La Comisión reconoció que la electrificación de la UE ha avanzado a un ritmo más lento del esperado, estancada en el 23 % durante la última década, a pesar de su relevancia para cumplir con los objetivos de clima, competitividad y seguridad energética de la Unión. El 77 % restante de la economía continúa operando principalmente con combustibles fósiles.
Bombas de calor y vehículos eléctricos
Casi la mitad del consumo de gas en la UE proviene del sector de edificios, identificado como uno de los ámbitos con mayor potencial para la electrificación.
«La electrificación del consumo energético en edificios (…) avanza con lentitud, pese a los beneficios múltiples,» señaló el alto funcionario de la Comisión.
La Comisión planea impulsar la instalación masiva de bombas de calor en nuevos edificios, aumentar la transparencia sobre los costes de instalación, simplificar los trámites de permisos y optimizar el uso de fondos existentes para facilitar el cambio del uso de calefacción a base de gas por opciones eléctricas.
«Una transición energética con la electrificación como eje central podría, por ejemplo, impulsar la fabricación de vehículos eléctricos en la UE al promover la adopción de aproximadamente 120 millones de vehículos eléctricos con batería en comparación con los 8 millones actuales, así como de unos 100 millones de bombas de calor frente a los 30 millones instalados hasta ahora,» señala el plan de electrificación de la Comisión.
El eurodiputado alemán Christian Ehler, portavoz de energía del Partido Popular Europeo, afirmó el viernes que el denominado Plan de Acción para la Electrificación envía una señal positiva para la reducción de los elevados precios de la electricidad en Europa mediante «medidas prometedoras sobre códigos de red, cargos en la red y flexibilidad».
«La electricidad debe abaratarse para facilitar la sustitución de los combustibles fósiles. La UE debe hacer todo lo posible dentro de una economía de mercado para alcanzar este objetivo,» declaró a la prensa.
Eliminación progresiva de combustibles fósiles
Thomas Lewis, experto en políticas energéticas de la ONG Climate Action Network Europe, afirmó que el objetivo de 46 % de electrificación indica un rumbo relevante para la transición energética europea, especialmente por la intención del bloque de proponer nuevas regulaciones para eliminar los combustibles fósiles a finales de año.

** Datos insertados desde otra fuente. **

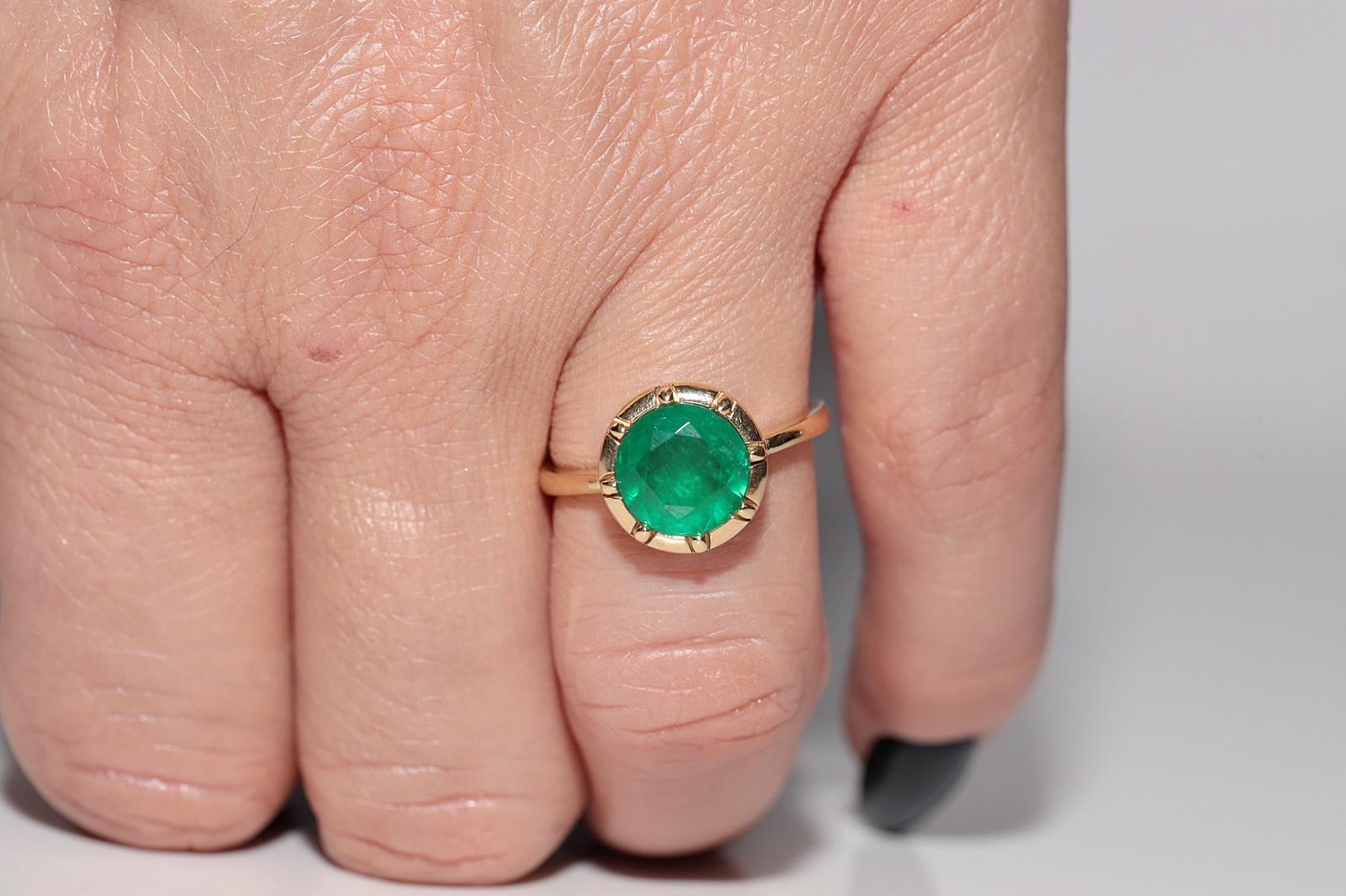 Neu Hergestellter 18k Gold Natürlicher Smaragd Dekorierter Solitär Ehering mit Smaragdverzierung im Angebot 10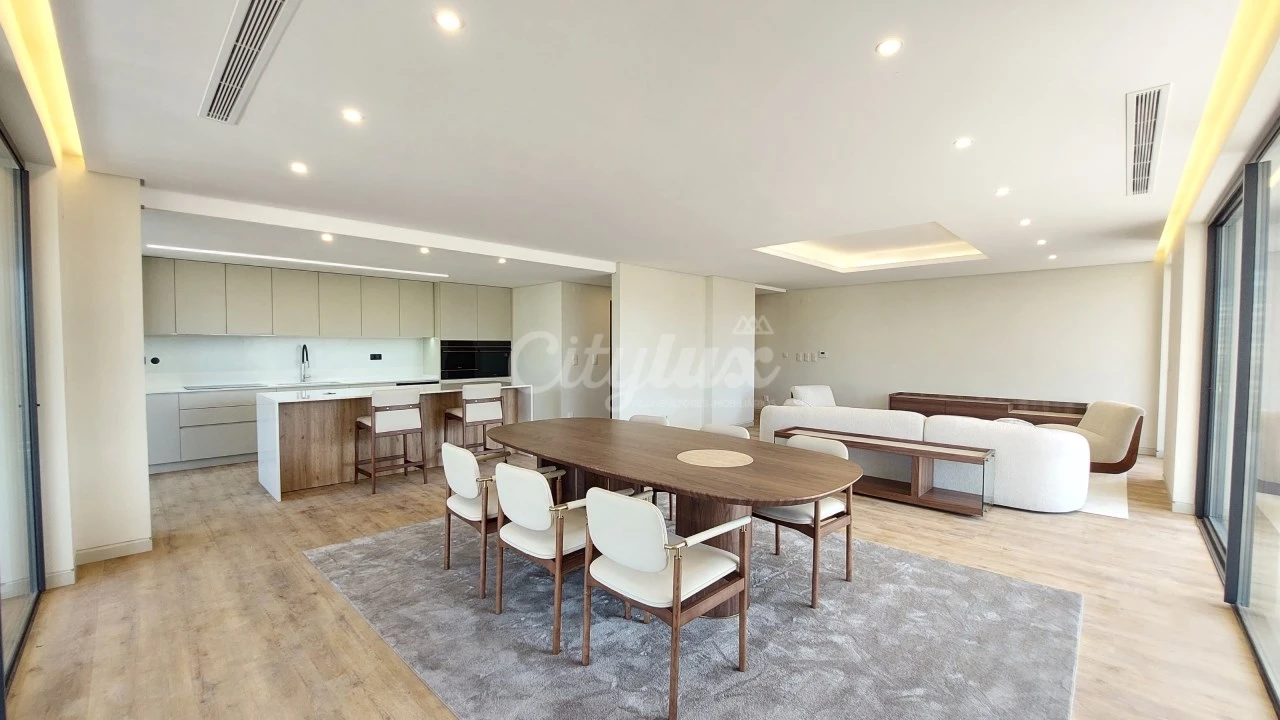 Apartamento T3 para Venda em Carcavelos e Parede Foto 5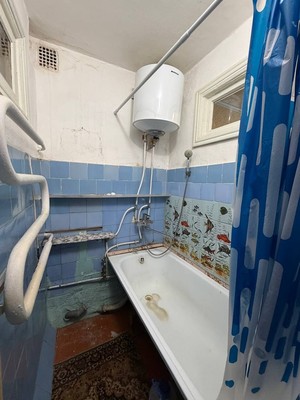 Продам двухкомнатную (2-комн.) квартиру, Нижнегорская ул, 40, Белогорск г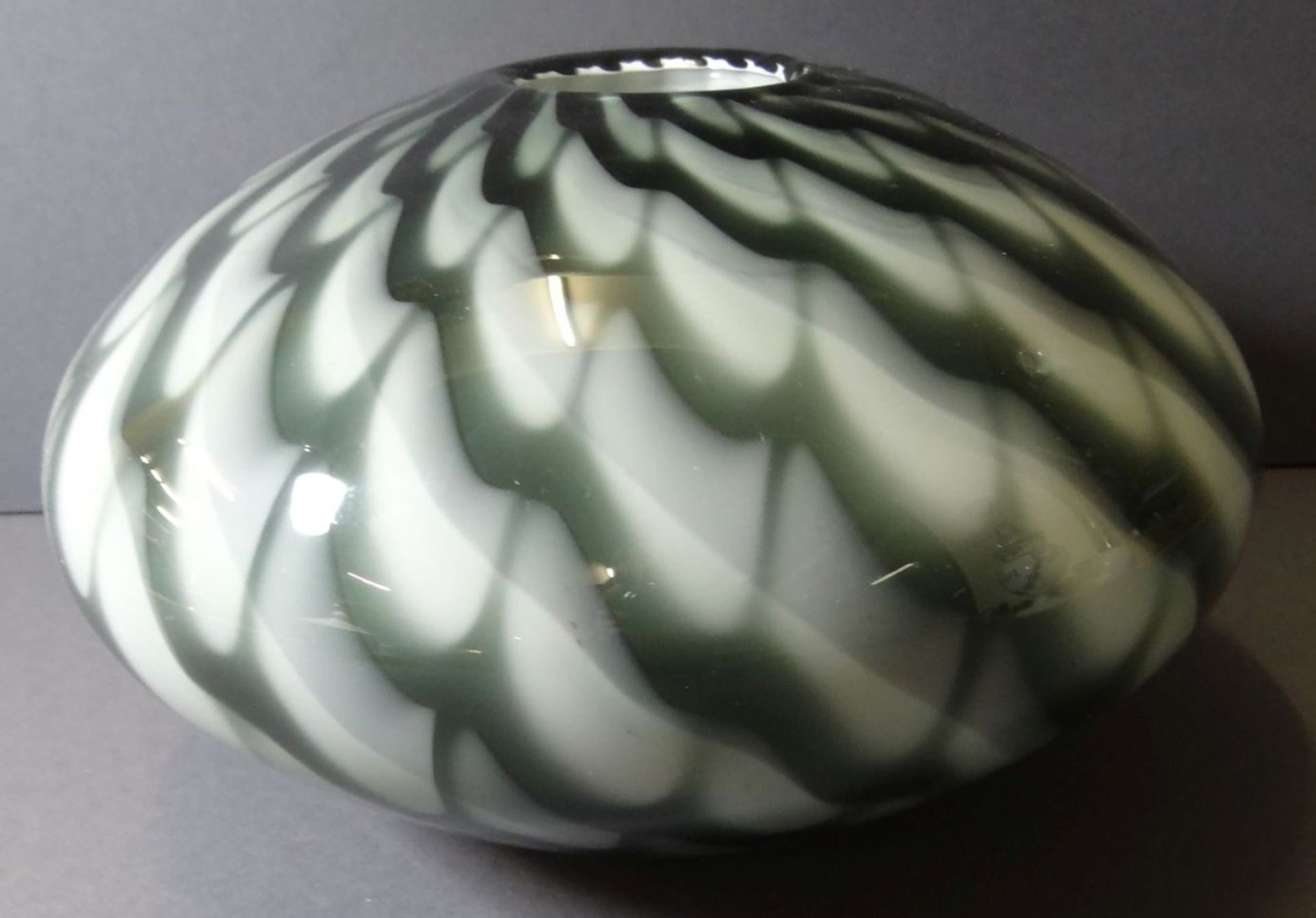 grosse Kunstglas-Vase, H-13 cm, D-24 cm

No obstante, Lewis advirtió que el impacto del plan «podría ser contraproducente» si no se acompaña de medidas contundentes para eliminar los combustibles fósiles y de metas vinculantes de eficiencia energética y energías renovables para el período posterior a 2030.
Aunque apoya la propuesta como un avance general, Lewis lamentó que las subvenciones a los combustibles fósiles continúan distorsionando los precios de mercado y disminuyendo artificialmente el costo de estos recursos.
«La eliminación de un KPI para el despliegue anual de 100 GW en renovables, que aparecía en filtraciones previas, podría hacer que la nueva demanda eléctrica se cubra con combustibles fósiles,» señaló Lewis, recalcando que la propuesta oficial no cumple con las ambiciones de energías limpias.
«Incrementar la implantación de renovables y mejorar el ahorro energético es la vía más rápida para lograr un suministro energético asequible, seguro y sostenible.»
Christian Kjaer, director ejecutivo de la organización sin ánimo de lucro SuperGrid Europe, con sede en Bruselas, señaló que la política fiscal en Europa ha frenado la electrificación durante décadas.
«Es una medida audaz por parte de la Comisión pedir a los estados miembros que reduzcan los impuestos sobre la electricidad por debajo de los del gas, lo cual es de interés a largo plazo para las naciones,» comentó Kjaer, pero advirtió que la meta del 46 % sería «inútil» si se utiliza de manera aislada o para debilitar la fijación de objetivos para 2040 en energías renovables y eficiencia.